- _The input_:
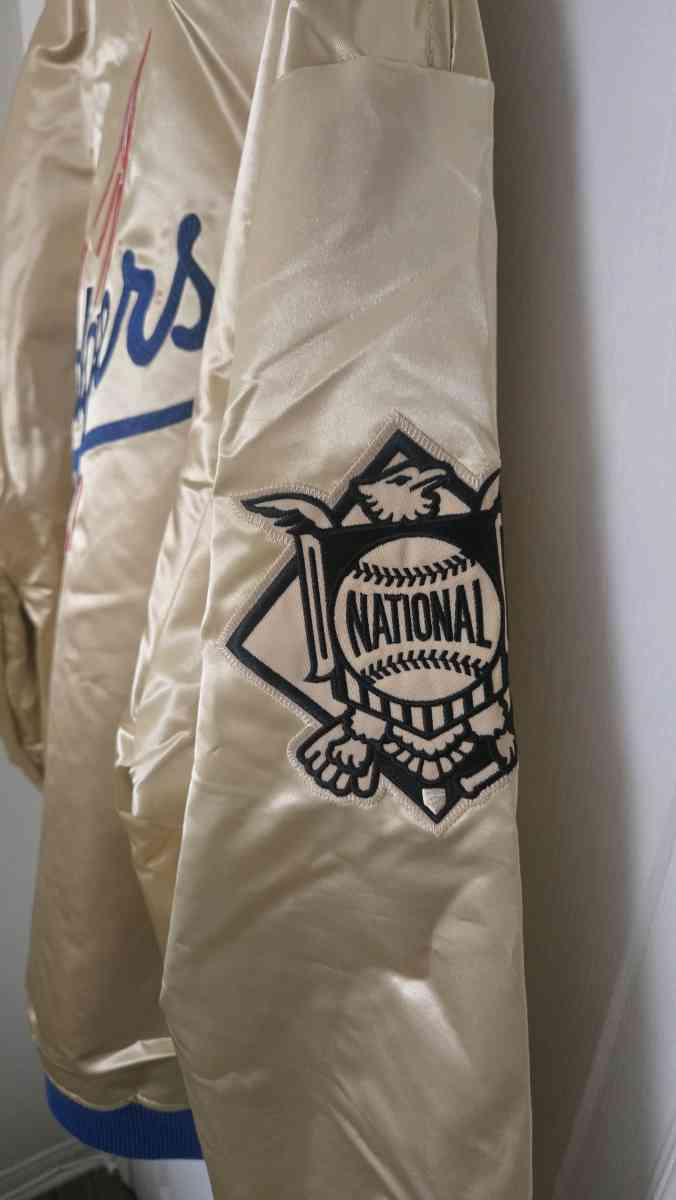 Mitchelle and Ness Dodgers jacket gold - Los Angeles, California - FleaMarketBay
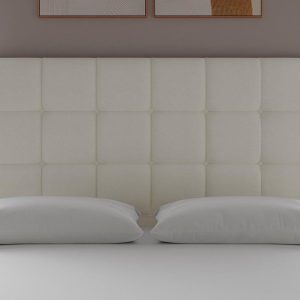 Sleepeezee Pompeii Headboard  46 Double  Cream | Bed Sava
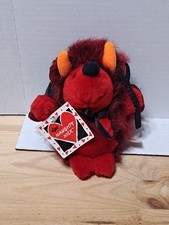 Russ Naughty Nick Hedgehog Devil Valentine's Day Halloween 5.5" Mini Plush VTG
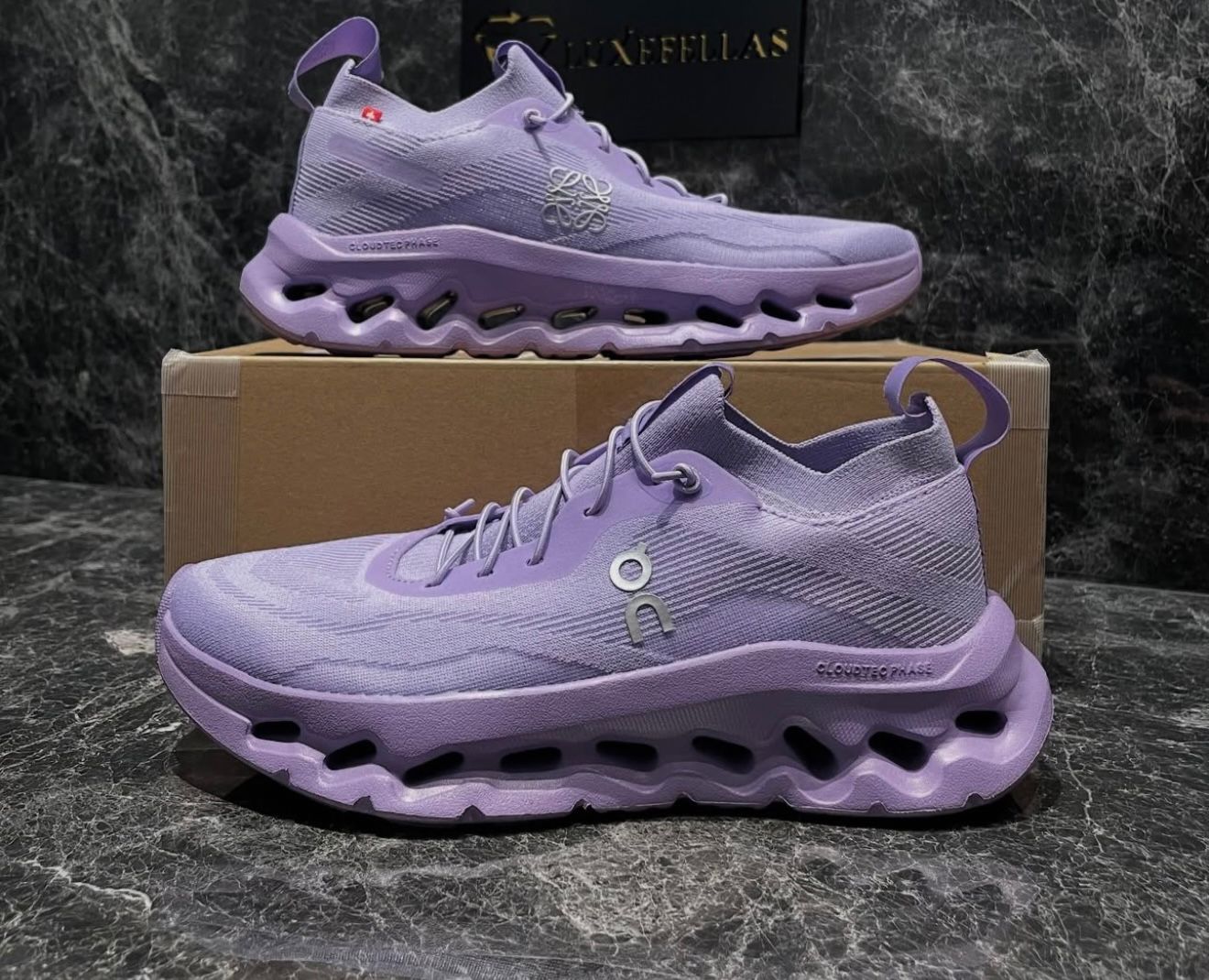 WMN Loewe X On Cloudtilt Purple Sneakers For Her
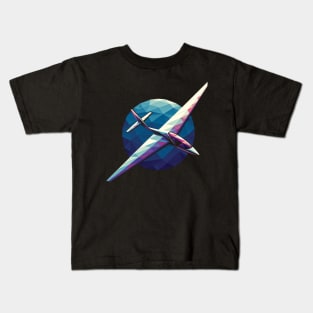 Glider Sailplane Biplane Kids T-Shirt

- _Task_:
Everything from the line with "Russ Naughty Nick" through the last line above should be reproduced exactly, both ends included; pictures must be omitted.

- _Finished task_:
 Russ Naughty Nick Hedgehog Devil Valentine's Day Halloween 5.5" Mini Plush VTG
 WMN Loewe X On Cloudtilt Purple Sneakers For Her
 Glider Sailplane Biplane Kids T-Shirt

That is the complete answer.